RamVision, Rams Creative play crucial role during pandemic

After four months without activity on campus, their friends and family lean toward what seems obvious to them.

 

Without games, there must not be much to do.

To the contrary, the work of RamVision and RamsCreative has proven to be crucial for the Colorado State Athletic Department during the COVID-19 pandemic.

“I think it’s been instrumental. I would say even before all of this stuff happened with COVID-19, we really had a deep appreciation for everything they had done to help us, how we brand our athletic department and CSU,” men’s basketball coach Niko Medved said. “They’re obviously really talented and creative. When all this happened and we were not able to have people come and see our campus in person, it just highlights the importance of what they do and the level of talent and creativity they’ve had. They’re really helping us right now bridge this gap.”
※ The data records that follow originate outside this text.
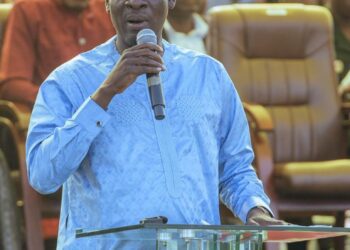 Hon. Haruna Iddrisu, Ghana's Minister of Education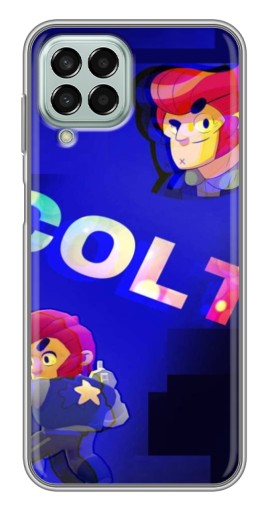 Чехол с принтом "Colt шпион" для Samsung Galaxy M33 (5G) (M336B)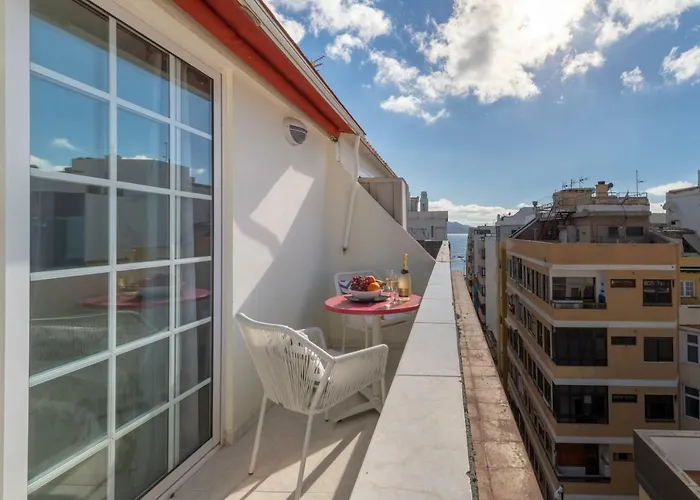 شقة Living Canteras Homes - Workout & Free Bikes *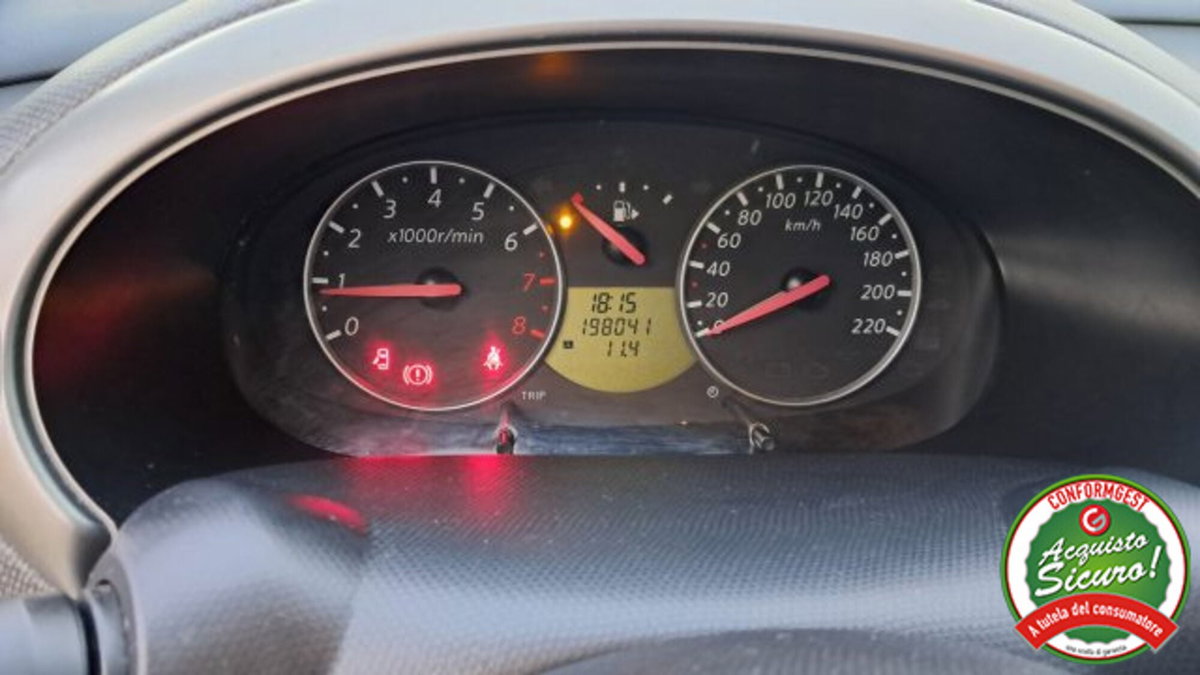 Nissan Micra 1.2 16V 65CV 3 porte Visia (5)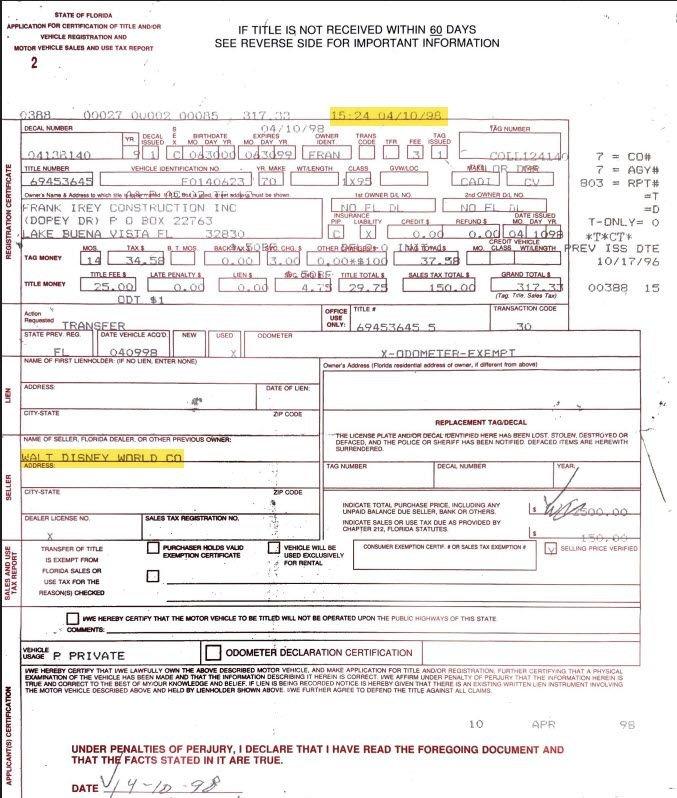 1970 Cadillac DeVille Barbie's Car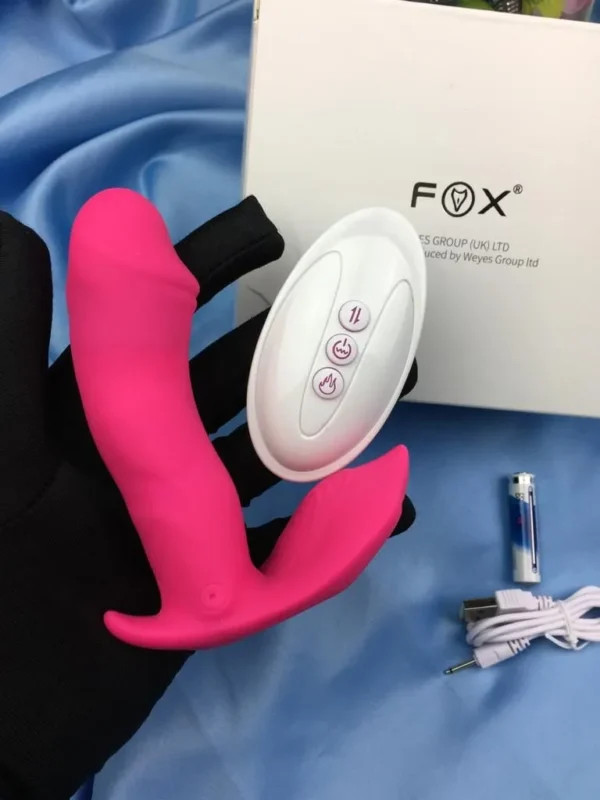 Fox Weyes Wearable Vibrator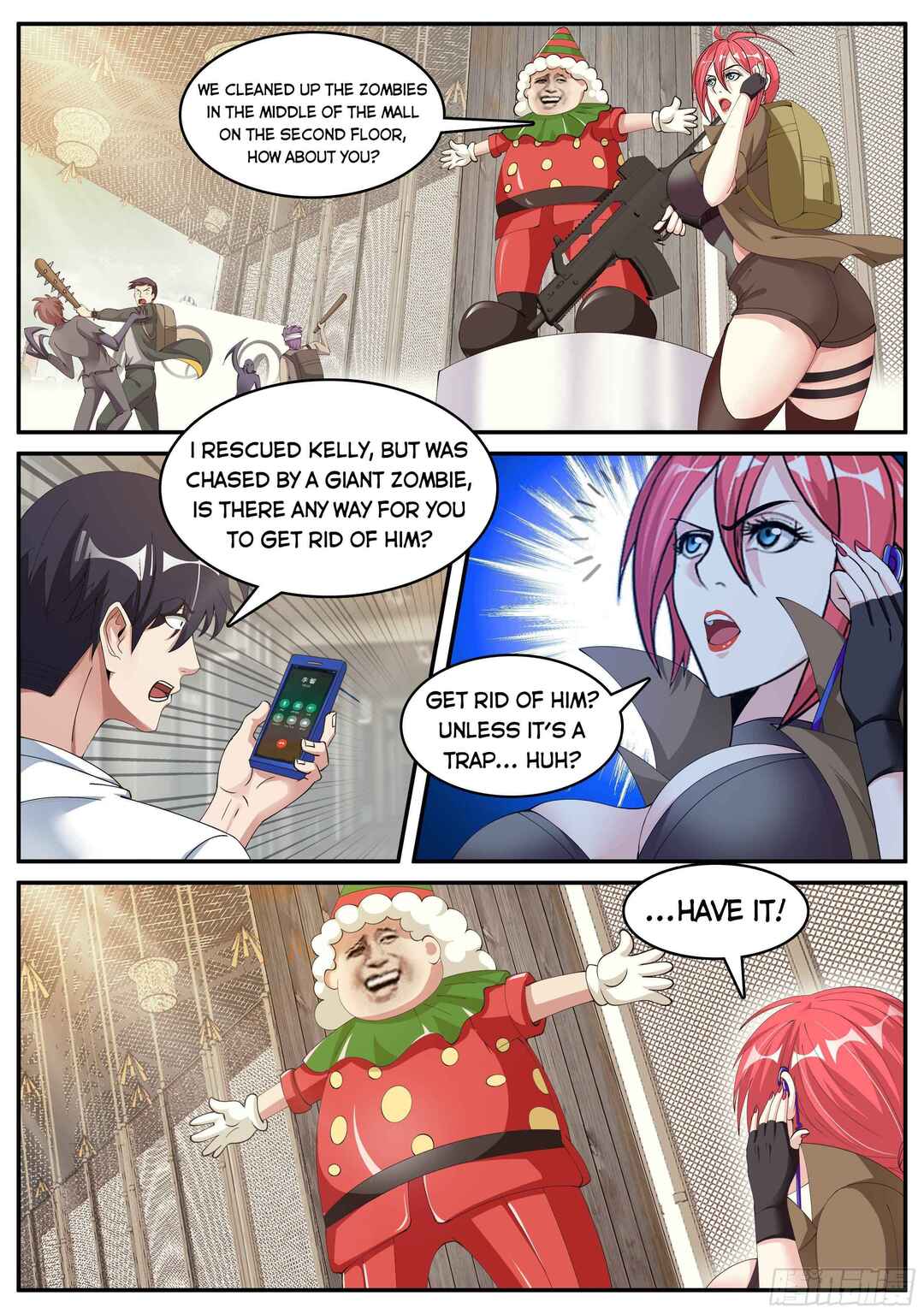 Xìtǒng Sòng Wǒ Bìnànsuǒ Chapter 23 - Page 9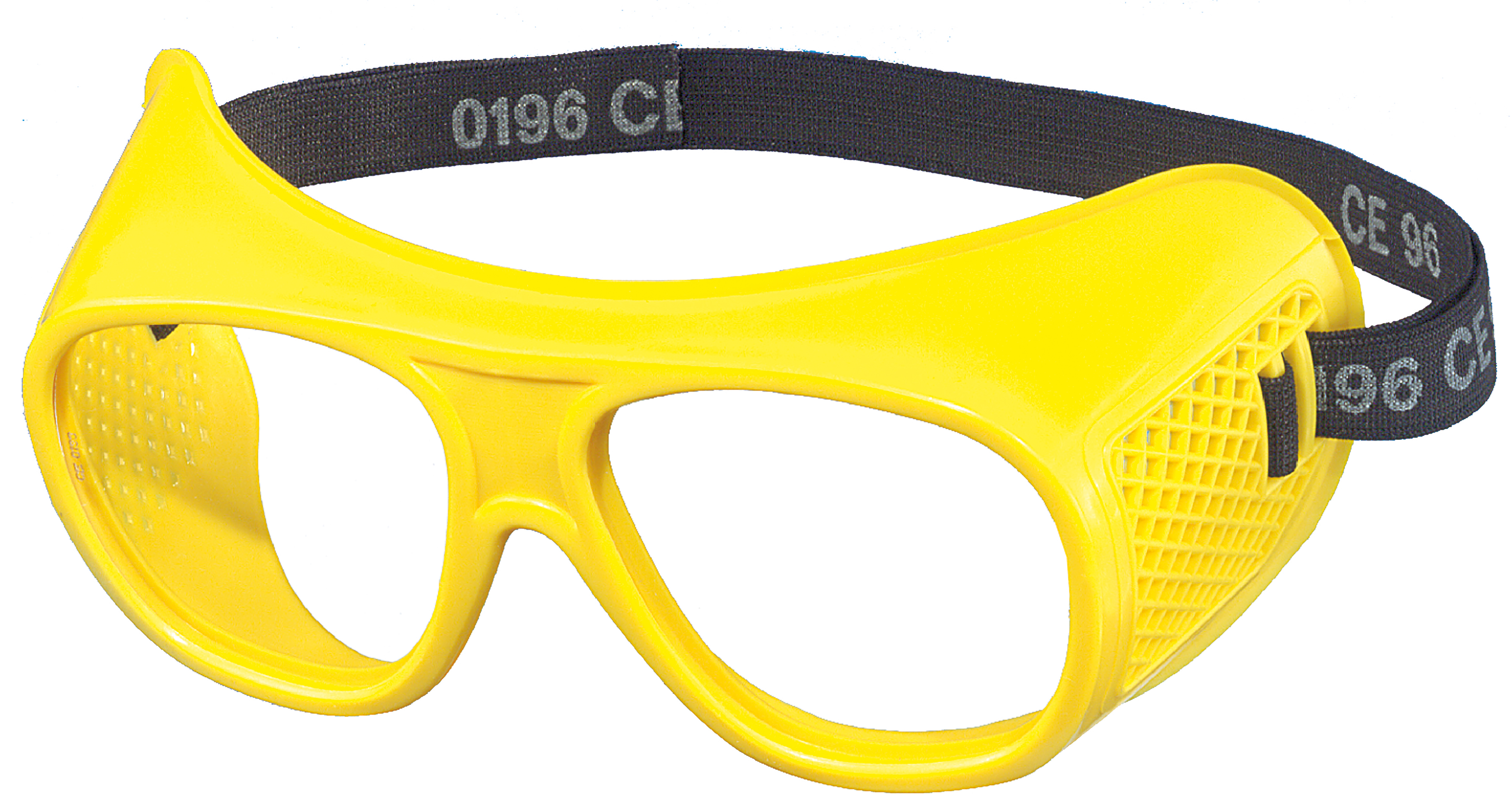 Korbbrille 501 gelb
Without games, the task of keeping fans informed and engaged on social media falls squarely on the shoulders of RamVision and RamsCreative, the video and graphic arms, respectively, of the athletic department. 

With on-campus recruiting visits on hold, the way the two departments have enabled coaches from all programs to still be able to sell the Colorado State campus and the surrounding area has kept the recruiting processes flowing. 

Be it through graphic or video elements, they can bring Fort Collins to the recruit. The recent upgrades to campus, as well as the historical traditions, can come to life. So too the energy of Old Town and the scenic beauty of Horsetooth Reservoir. The athletic facilities, from the fields of play to the training rooms where athletes are handled with care. The hype of game day, the atmosphere the fans generate.

“I feel with the current coronavirus pandemic, I honestly feel our work right now is the most important in the division,” said Ben Brune, who oversees both departments. “We’re keeping people engaged with CSU Athletics. We’re getting recruits to campus who can’t otherwise be. We’re telling the stories that would otherwise go silent.”

Brune came back to head video production in August of 2016. A year later, he had already started moving forward with the designs he held for the department, including the creation of its own brand – RamVision. And with the help of Joe Cooper in the graphic department, RamVision even had a logo.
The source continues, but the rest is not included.